Work instructions: For the data below, give again exactly the lines from the one containing "Vector illustration of" through the one containing "Arbre généalogique illustrant", both ends included, and no others.

Data records:
>>

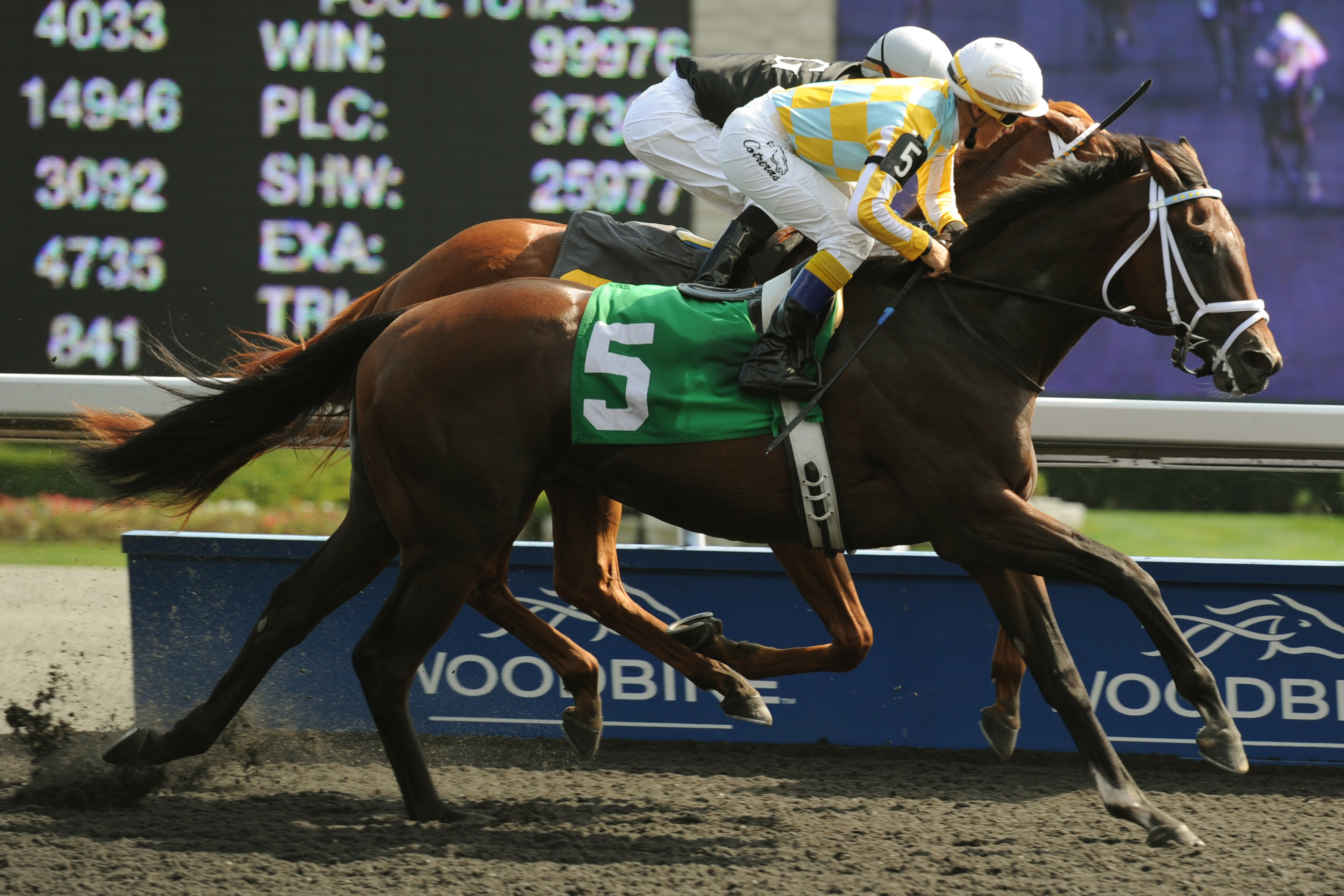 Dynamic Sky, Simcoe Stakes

<<
>>

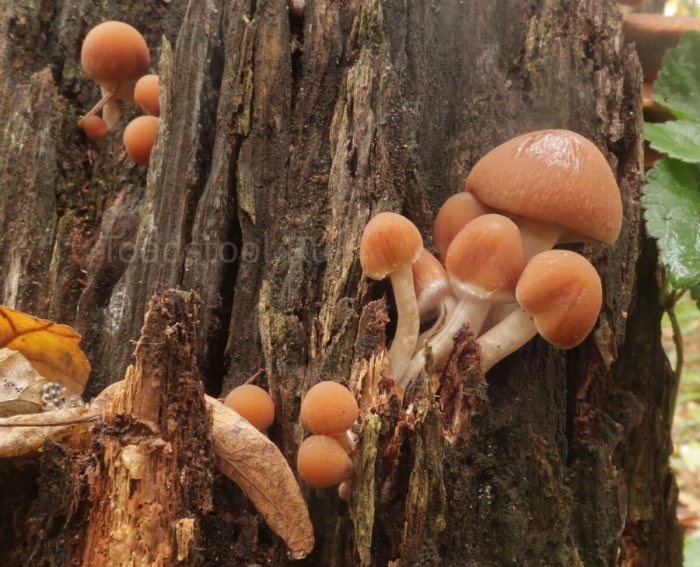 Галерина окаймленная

<<
>>

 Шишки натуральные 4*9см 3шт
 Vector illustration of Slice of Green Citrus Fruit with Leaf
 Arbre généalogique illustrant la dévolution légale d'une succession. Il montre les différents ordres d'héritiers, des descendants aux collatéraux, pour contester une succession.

<<

Exercise answer:
 Vector illustration of Slice of Green Citrus Fruit with Leaf
 Arbre généalogique illustrant la dévolution légale d'une succession. Il montre les différents ordres d'héritiers, des descendants aux collatéraux, pour contester une succession.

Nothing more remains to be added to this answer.